A Mercedes-Benz corrigiu o valor do investimento de R$ 500 milhões para perto de R$ 600 milhões, pela desvalorização do Real: “muitas máquinas foram importadas com pagamento em dólar”, explicou Schiemer.

Honeywell lança programa Reman

Por que arriscar? é o tema de campanha continental da Honeywell Transportation Systems, a Reman Original Garrett, de incentivo à compra de turbocompressores recondicionados de fábrica como caminho de fuga de produtos recondicionados existentes no mercado– mais baratos e de procedência duvidosa, e extremamente sujeitos a encrencas.

O lançamento da campanha coincide com a vinda ao Brasil de Eric Fraysse, vice-presidente mundial da companhia para o mercado da reposição. De acordo com ele a ideia é “abastecer todo o mercado sul-americano, Brasil à frente, com produtos de preços coerentes com a desvalorização dos veículos e com garantia e qualidade de turbo novo”.

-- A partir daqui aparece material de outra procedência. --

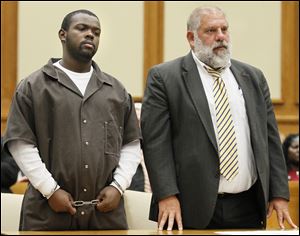 Byron Mitchell, with attorney Pete Rost, is sentenced to nine years in prison by Judge Gene Zmuda, in Lucas County Common Pleas Court.  He previously entered an Alford plea to involuntary manslaughter with a gun specification and was found guilty in the shooting death of Eric Daniels on July 3, 2011.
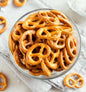 AmBari Nutrition high-fiber protein pretzels, crunchy snack with added fiber and protein, in a close-up view showing the pretzel texture.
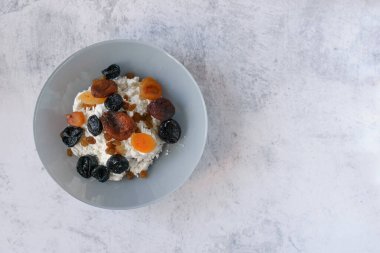 Gri tabakta kurutulmuş meyveli süzme peynir. Sağlıklı ve dengeli yiyecekler. Süzme peynir bir protein kaynağıdır. Kuru üzüm, kurutulmuş kayısı ve kuru erik kışın vitaminlerdir. Sağlıklı yaşam tarzı kavramı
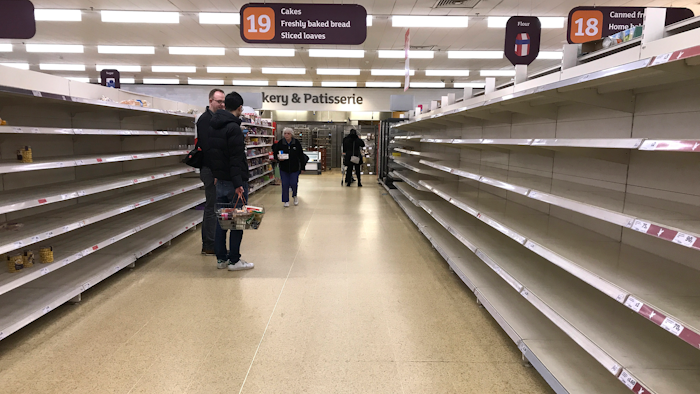 In this Thursday, March 19 file photo, people stand in an aisle of empty shelves in a supermarket in London, amid panic-buying due to the coronavirus outbreak.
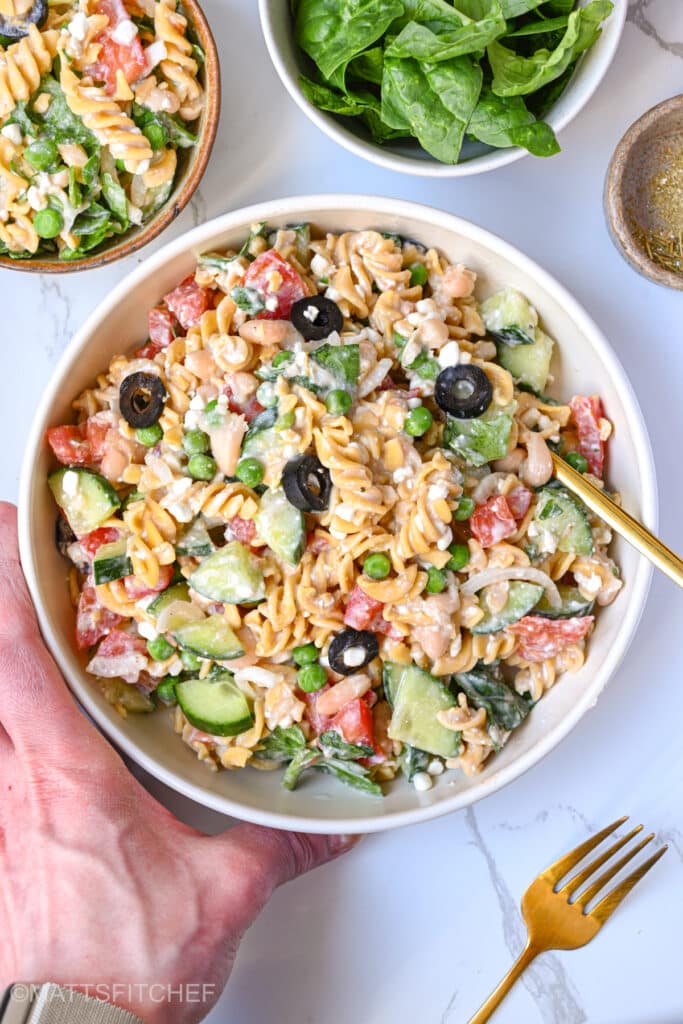 Left hand of Matteo, the fitness chef and cook of this recipe, holding a plate loaded with healthy high protein pasta salad. Perfect as a lunch or dinner that does not require cooking
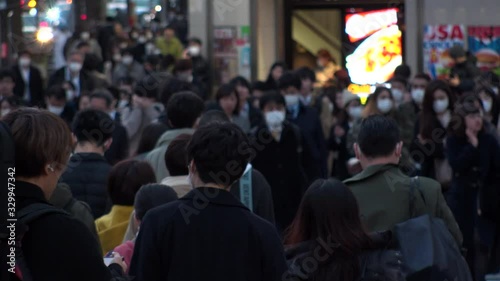 Wallpaper Mural TOKYO, JAPAN - MARCH 2020 : Crowd of people at the street near Shinjuku station in rush hour. Commuters and tourists wearing surgical mask to protect from Coronavirus(COVID-19) or cold. Slow motion. Torontodigital.ca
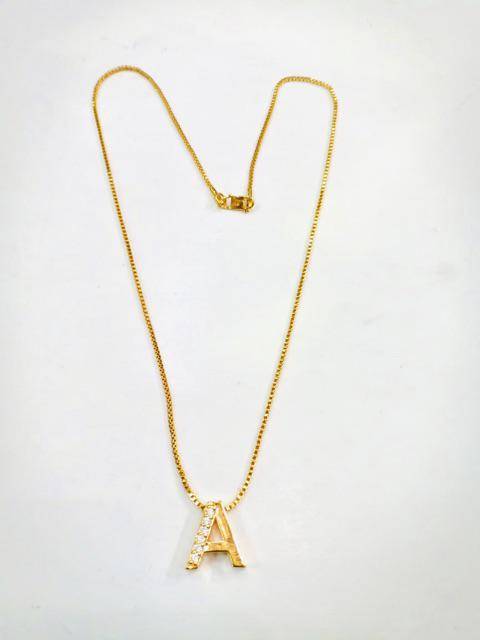 kalung titanium kacang viral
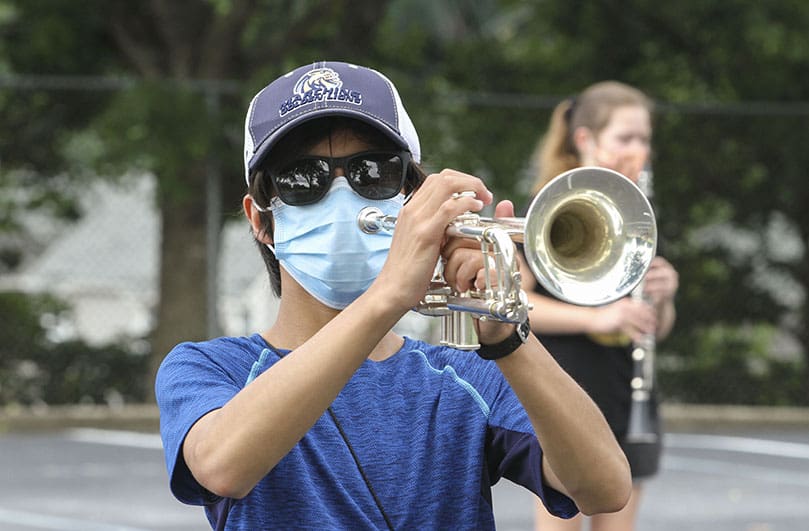 St. Pius X High School trumpet player Ethan Sok, a sophomore member of the Atlanta school's marching band, participates in the sectional practice for brass and wind musicians on the last day of band camp. In addition to the normal outdoor accessories like a cap and sunglasses, masks were worn by musicians this summer to protect fellow students from the potential spread of the coronavirus. Photo By Michael Alexander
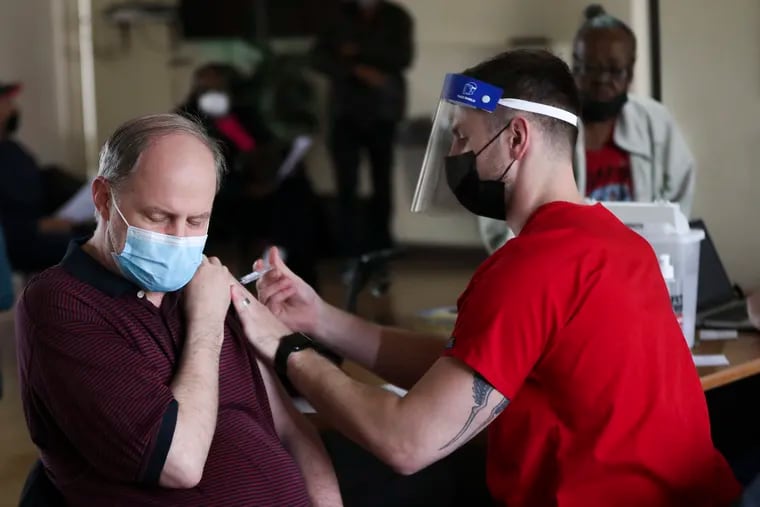 Gordon Palmer receives a dose of the Johnson & Johnson COVID-19 vaccine from Josh Redlich, a nursing student at Rutgers, at the Mickle Towers housing complex in Camden in April. Officials are seeing a small but concerning rise in a virus variant that can be stopped by full vaccination.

O primeiro passo, então, é tratar de conscientizar o mundo dos transportadores a respeito do papel importante que tem a instalação de turbos remanufaturados de fábrica no lugar “daqueles existentes no mercado”. O risco, no caso da escolha dos recondicionados, são pesados custos e problemas posteriores gerados pela parada dos veículos para a necessária reparação: caminhão na oficina não fatura.

O Reman Original Garrett se propõe a colocar no mercado “turbocompressores totalmente remanufaturados pela própria fábrica, com a substituição das peças desgastadas por componentes novos” – montados e testados de acordo com os mesmos procedimentos pelos quais passam turbos entregues à montadoras como equipamentos originais. Com garantia e “com preço competitivo”.

A empresa aposta nessa garantia, de um ano de uso sem limite de quilometragem, como o principal diferencial do programa Reman, que será realizado em parceria muito próxima com suas redes de distribuição, vendas e prestação de serviços.

O VP Fraysse acredita no sucesso do programa, que considera “perfeitamente adequado a momentos como este que vivemos, de retração das atividades econômicas”:

“Nosso programa tem o objetivo de facilitar o acesso dos transportadores a um produto de qualidade, garantido pela fábrica e com preço reduzido, evitando que os caminhões fiquem parados nas estradas ou nas oficinas por problemas mecânicos e ajudando a economia a rodar”.

O Reman Original Garrett é programa mundial “idealizado para veículos usados, cuja desvalorização natural torna incoerente o investimento para a instalação de um turbo novo. O programa sul-americano é exatamente igual ao lançado na Europa há dois anos, cujos resultados são muito positivos”.

Os remanufaturados dispõem dos mesmos níveis de durabilidade e eficiência dos novos, com “o mesmo desempenho e com economia de combustível, custo reduzido e óbvia preservação do meio ambiente”.